The Diplomat
The Algerian government yesterday reproached Spain, in a new communiqué, for having provoked the “regrettable interference” of the EU following the announcement of the breaking off of trade relations decided by Algiers, and affirmed that this is a strictly “bilateral” issue that does not have to affect the rest of the EU members.
Specifically, the Algerian Foreign Ministry criticises Spain for raising the issue in Brussels and for amplifying the thesis of its national diplomacy ‘to the detriment of preserving the interests of the European Union, within which Algeria has the honour of having many friends and partners’ and ‘with the vain attempt to put pressure’ on Algiers.
Algeria insists that the EU’s reaction includes “hasty and unfounded statements”. “The haste and bias of these statements highlight the inappropriate nature of their content, as they concern a political disagreement with a European country of a bilateral nature, with no impact on Algeria’s commitments vis-à-vis the European Union,” the communiqué notes.
“The alleged suspension of trade and investment relations with Spain contained in these official declarations of the European Union is hastily invoked without any basis, and the authorities of the European Union have in this case no legal basis to establish their competence in this matter,” it adds.
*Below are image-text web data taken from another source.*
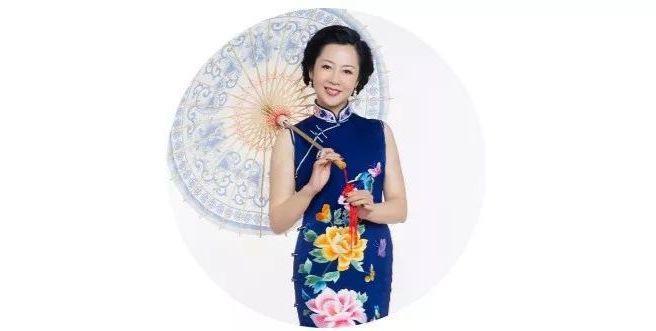 刘诗诗的妈妈居然靠气质火了？这些照片完全美过女儿！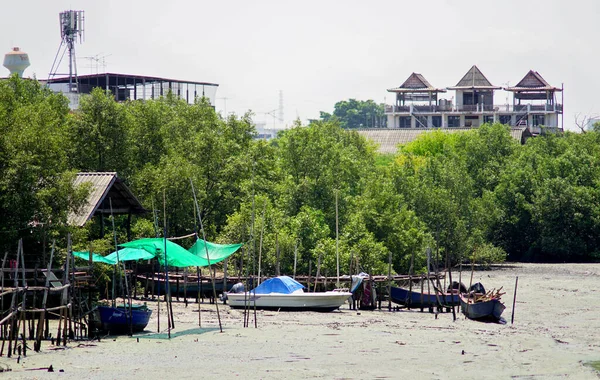 Chonburi Thailand May 수있는 낚싯배가 썰물에 부리에 썰물에서 2023 — 스톡 사진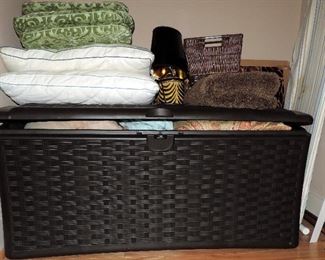 WICKER STORAGE CHEST AND PILLOWS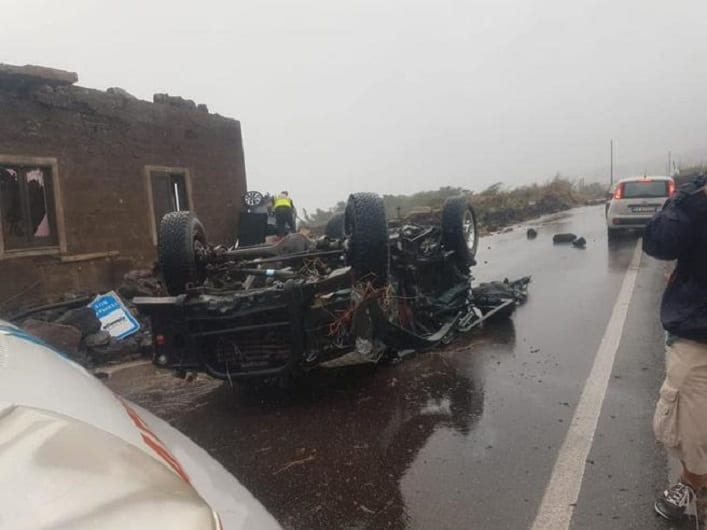 Tromba d'aria e tragedia a Pantelleria. Due morti, feriti gravi, case scoperchiate e auto distrutte
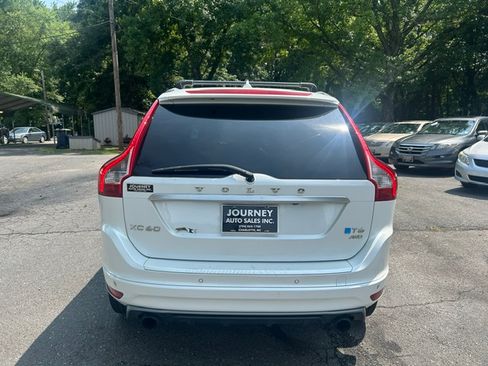Used 2015 Volvo XC60 AWD T6 R-Design Platinum image 4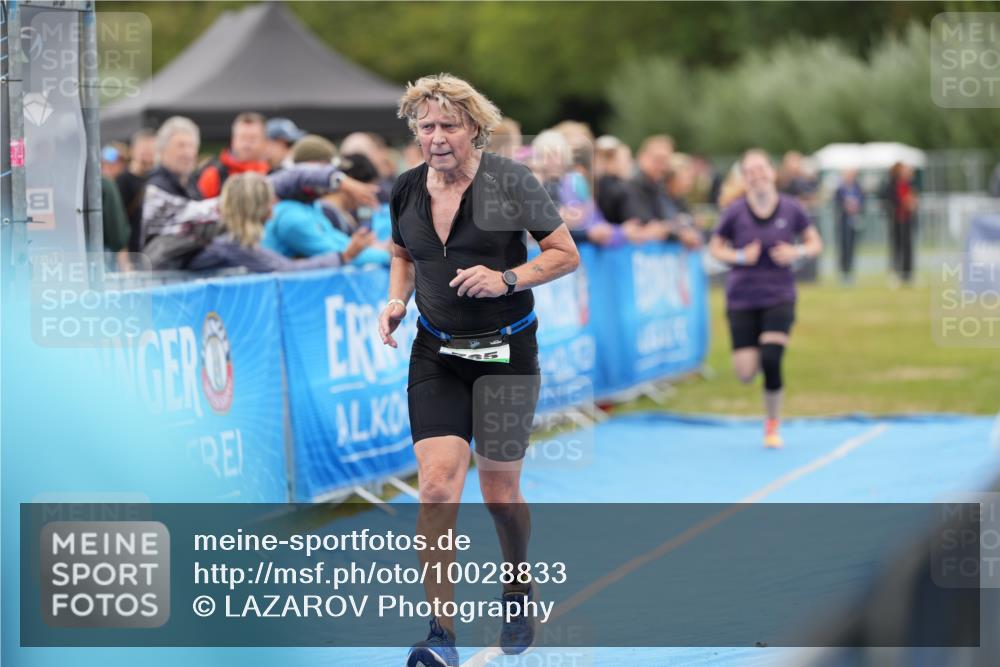 30.08.2026 - Elbe Triathlon Hamburg LAZAROV Photography http://msf.ph/oto/10028833 30.08.2026 11:59:29 Ziel 785, 859, 1131 meine-sportfotos.de
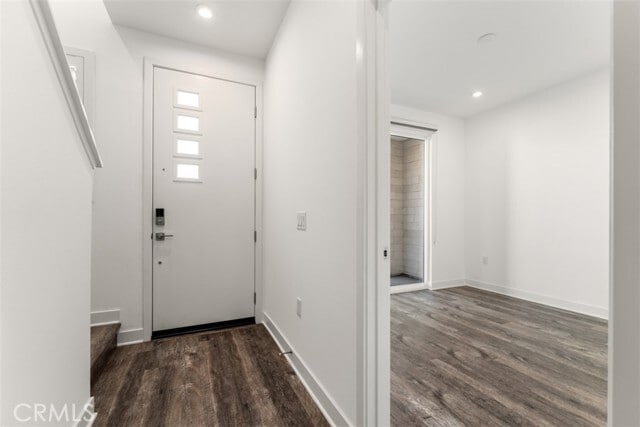 Building Photo - 1415 W Cara Dr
For this reason, Algiers “rejects” the activation of a European consultation mechanism for a “collective reaction”.
The North African country stresses that it has “always” fulfilled its commitments in the framework of the Association Agreement with the European Union, and thus rejects as “fanciful and malicious” the “insinuations” on the question of gas supplies to Spain for which “the President of the Republic himself has had to solemnly affirm Algeria’s determination to fulfil its contractual obligations”. Algiers considers that this issue has to do with the ‘strictly commercial’ relations of the companies of both countries.
Moreover, Algeria defends its sovereignty to terminate the Treaty of Friendship, Good Neighbourliness and Cooperation that it had maintained until now with Spain ‘which responds to legitimate considerations that essentially refer to the fact that the signatory has dissociated itself from the essential obligations and values enshrined in this Treaty, thus assuming the responsibility of emptying this legal instrument of its substance and questioning its relevance in the relations between the two parties’, it argues.
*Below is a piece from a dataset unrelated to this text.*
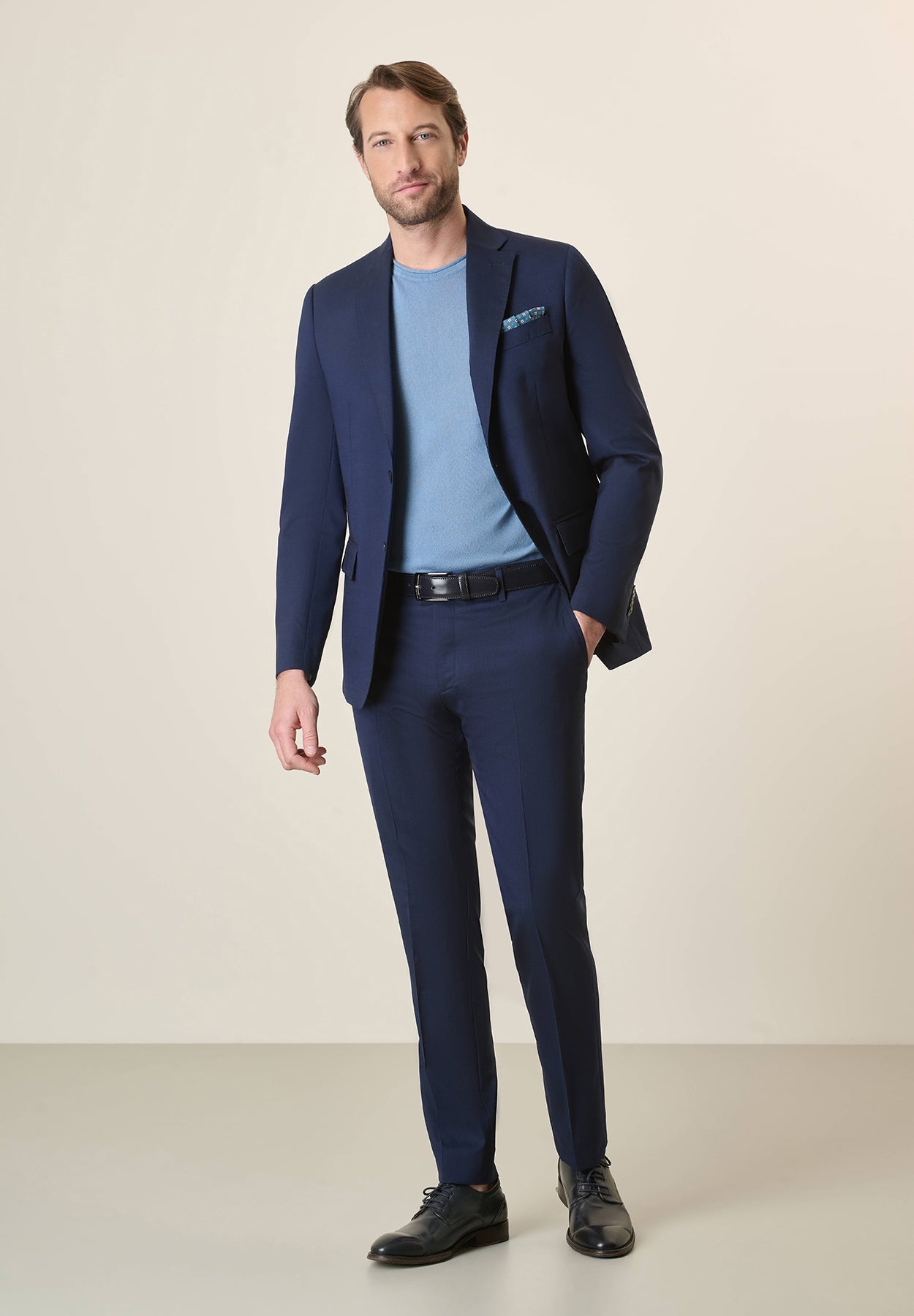 Light Blue Suit In Stretch Virgin Wool Canvas, Custom Fit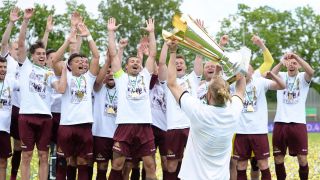 Die Mannschaft des BFC Dynamo feiert 2021 den Pokalsieg (imago images/Matthias Koch)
Government and opposition clash of reproaches
On the domestic front, the election campaign for the Andalusian elections yesterday became the stage for the government and the main opposition party to engage in reproaches about the crisis with Algeria.
The deterioration of relations with Algeria was present at the rallies of both the leader of the PP, Alberto Núñez Feijóo, and the head of the Executive and secretary general of the PSOE, Pedro Sánchez.
In the Malaga town of Cártama, Sánchez took the opportunity to criticise the PP for taking the Algerian side instead of supporting Spain. Without mentioning the North African country, which last Thursday suspended the Treaty of Friendship, Cooperation and Good Neighbourliness with Spain and announced the freezing of trade with our country, the President of the Government reproached the PP: “If a third country puts pressure on Spain and the European Union supports Spain, they support the third country that puts pressure on us”.
In Moncloa they are very annoyed with the PP’s reaction, showing sympathy for the Algerian attitude, blaming it on the government’s clumsiness in managing relations with Morocco by changing its position on the Sahara.
Meanwhile, in the PP, they are attacking the foreign policy being developed by Sánchez’s government, and yesterday Núñez Feijóo lamented from Antequera, what he described as “destruction”, referring to the “unprecedented about-turn” on the Sahara, which, in his opinion, not only has not solved the problems with Morocco, but has opened a serious diplomatic crisis with a strategic ally for Spain, such as Algeria. “The European Union has had to come and sort it out”, he said, alluding to the fact that Brussels has warned that it is prepared to “confront any type of coercive measure” taken by Algiers against one of its member states.
According to Feijóo, the crisis with Algeria puts “at risk 2 billion euros in exports by our companies and 4.8 billion euros in gas supplies”.